B.- Am 23. Februar 1965 klagte Bacal gegen die Filiale Olten der Solothurner Handelsbank. Er stellte die Begehren, die Beklagte habe ihm gegen Bezahlung von Fr. 42 040.-- und Ablösung von Verbindlichkeiten der Bru-Bu Werke AG gegenüber der Beklagten bis zu Fr. 200 000.-- 210 Vorzugsaktien und eine Stammaktie der Bru-Bu Werke AG im Nennwert von zusammen Fr. 105 000.-- zu übertragen und ihm für die Zeit ab 1. Juli 1963 bis zur Aushändigung der Aktien jährlich Fr. 10 000.-- als Schadenersatz wegen nicht rechtzeitiger Erfüllung zu entrichten; eventuell sei die Beklagte zu verpflichten, dem Kläger den aus Nichterfüllung erlittenen Schaden von Fr. 150 000.-- nebst Zins 5% seit 1. Juli 1964 zu ersetzen.
Die Beklagte, die im gerichtlichen Aussöhnungsversuch vom 14. Dezember 1964 erklärt hatte, sie habe die streitigen Aktien im Jahre 1963 verkauft und könne über sie weder rechtlich noch
BGE 94 II 274 S. 278
tatsächlich verfügen, wendete ein, der Kläger sei nicht aktivlegitimiert.
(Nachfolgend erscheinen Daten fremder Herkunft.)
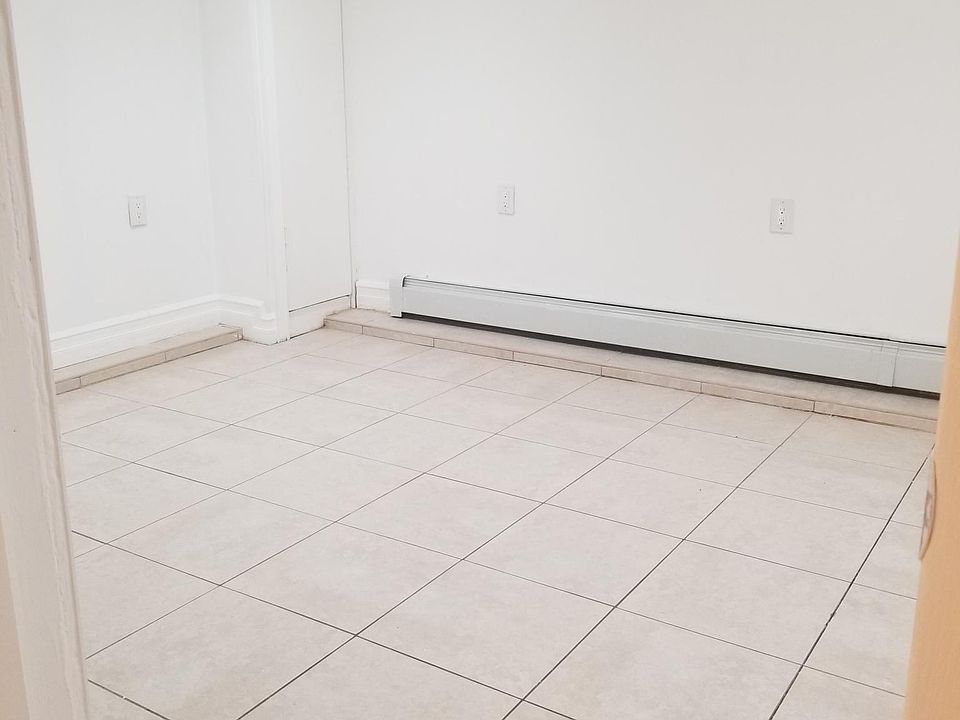 1st image of 19823 Hillside Ave #0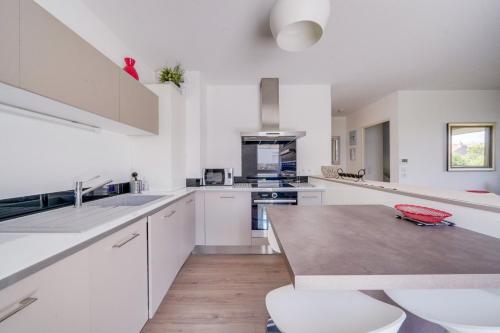 Ravissant appartement aux Chartrons avec Parking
C.- Der Präsident des Amtsgerichts Olten-Gösgen verfügte die getrennte Behandlung dieser Einrede.
Das Amtsgericht wies sie am 2. November 1966 ab. Auf Appellation der Beklagten hin hiess das Obergericht des Kantons Solothurn sie dagegen am 20. März 1968 gut.

D.- Der Kläger hat gegen das Urteil des Obergerichts die Berufung erklärt. Er beantragt, die Einrede des Fehlens der Aktivlegitimation abzuweisen.
Die Beklagte beantragt, das angefochtene Urteil zu bestätigen.

Erwägungen

Das Bundesgericht zieht in Erwägung:

1. Das angefochtene Urteil spricht dem Kläger die Legitimation zur Sache ab, was einer Abweisung der Klage gleichkommt oder, im Falle der Bestätigung des Urteils durch das Bundesgericht, ohne weiteres zur Abweisung führen wird. Auf die Berufung ist daher einzutreten, gleichgültig ob man das angefochtene Urteil als Endentscheid im Sinne des Art. 48 Abs. 1 oder als Vorentscheid gemäss Art. 50 OG würdige; denn im letzteren Falle erspart die gesonderte Anrufung des Bundesgerichts einen bedeutenden Aufwand an Zeit oder Kosten für ein weitläufiges Beweisverfahren über den Bestand der erhobenen Ansprüche.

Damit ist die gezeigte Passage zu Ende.